The relationship between MS, obesity, and sleep apnea is as complex as it is intriguing. Attempts to establish unequivocal links between sleep apnea and MS should take into account the common risk factors for these entities (obesity and age being the chief of these). As Dempsey puts it, “solving the algebraic equation Z–X and extracting the Z component from syndrome X is proving extremely difficult” (Dempsey, Veasey, Morgan, & O’Donnell, 2010).

Obesity, of course, predisposes to OSA; on the other hand, OSA (through the fatigue, sleepiness, and physical inactivity it engenders) promotes obesity. It has been argued that common pleiotropic effects such as hypertension, central obesity, dyslipidemia—as well as sleep apnea—are determined by common genetic factors; syndrome Z may just be an extended form of MS.

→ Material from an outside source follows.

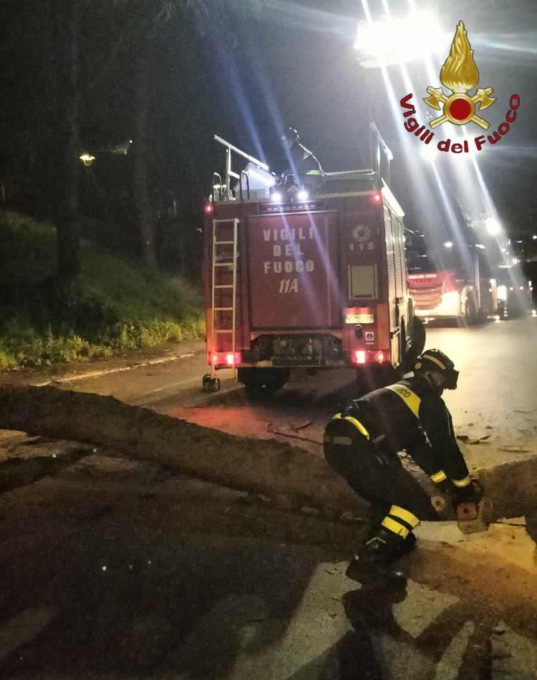 Maltempo, danni e disagi. Oltre 100 gli interventi dei vigili del fuoco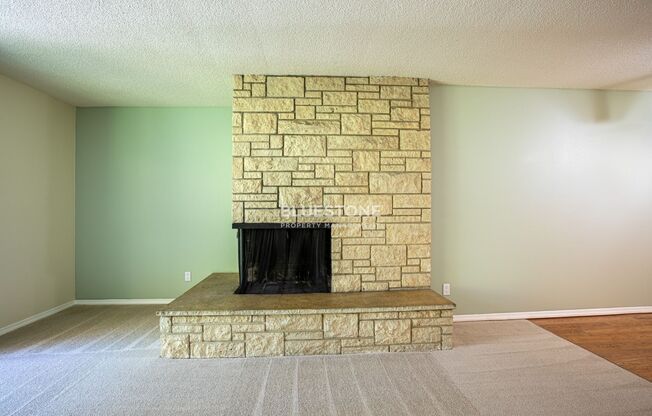 2 beds, 1 bath, 740 sqft, $1,500, Unit 209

Excess fat deposits in the parapharyngeal area doubtless play a part in the genesis of OSA by compromising the airway (Davies & Stradling, 1990). On the other hand, many persons with OSA do not manifest any of the structural abnormalities of the upper airway that are known to predispose to airway obstruction during sleep (Carmelli, Swan, & Bliwise, 2000). Indeed, there seems to be a stronger relationship between OSA and central obesity than between OSA and parapharyngeal adiposity (Larsson et al., 1984), which suggests mere mechanical loading may not be the only contributory factor involved.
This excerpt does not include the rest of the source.